Income-generating assets are another of many passive-income opportunities. A classic example is making money in real estate via owning rental properties. It can seem perfect: You buy an apartment building or house, rent it out, and then sit back and collect checks every month from your tenants. The reality isn’t always so rosy, though. For one thing, you’ll need to maintain and repair the property, as well as paying taxes on it and insuring it. It may not always be occupied, either. You may have trouble finding tenants, or finding tenants who pay their rent reliably. Some tenants may damage the property, and others may be hard to get rid of. You’ll be the one they call in the middle of the night if the roof is leaking, and you’ll have to clean and perhaps freshen up the property between tenants. You can outsource much of this to a property management company, but it will take a cut of your income, often about 10%.
You might not think of paying down debt as an income-generating activity, but it kind of is. Think of it this way: If you owe $10,000 and are paying 20% interest on it, that’s $2,000 in interest payments annually. Ouch. Pay off that $10,000, though, and you’ll be keeping that $2,000 in your pocket. It’s very much like earning a guaranteed 20% return on the debt that you retire, and 20% annual returns are way more than you can expect from the stock market or elsewhere. Note that some credit cards may be charging you 25% or even 30% interest, so paying such debt off as soon as possible is a no-brainer financial goal.
Speaking of credit cards, if you don’t use them to rack up debt, you can instead use them to generate income streams for you — via their cash-back or rewards programs. Some cards offer flat-rate cash-back percentages up to about 2%. Others target certain kinds of spending or certain retailers. If you spend a lot at Amazon.com, for example, you can get a card that rewards you with 5% cash back there — which can really add up. (It’s not hard to spend $250 per month at Amazon, which is $3,000 per year — enough to earn $150 back.)
Other stores with associated credit cards include Target, Costco, Gap, Lowe’s, TJX, Toys R Us, and Wal-Mart. Many offer 3% to 5% in cash back or discounted prices, and many offer other perks, too, such as free shipping on items purchased at the sponsoring retailer, while others might let you return items without a receipt, or will donate money to charity whenever you use the card. If you travel a lot, you can use travel-related credit cards to rack up lots of points and rewards that can be used instead of cash, keeping more cash in your pocket.

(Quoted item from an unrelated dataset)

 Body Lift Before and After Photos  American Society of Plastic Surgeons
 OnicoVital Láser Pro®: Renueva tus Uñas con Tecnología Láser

You can also generate residual and royalty income for yourself by producing things that might then pay you again and again. This isn’t 100% passive income, as there’s some initial work involved, but if all goes well, once you’ve done the work, you’ll be paid repeatedly over a possibly long period of time.
For example, you might take photos and have them available for a fee at sites such as shutterstock.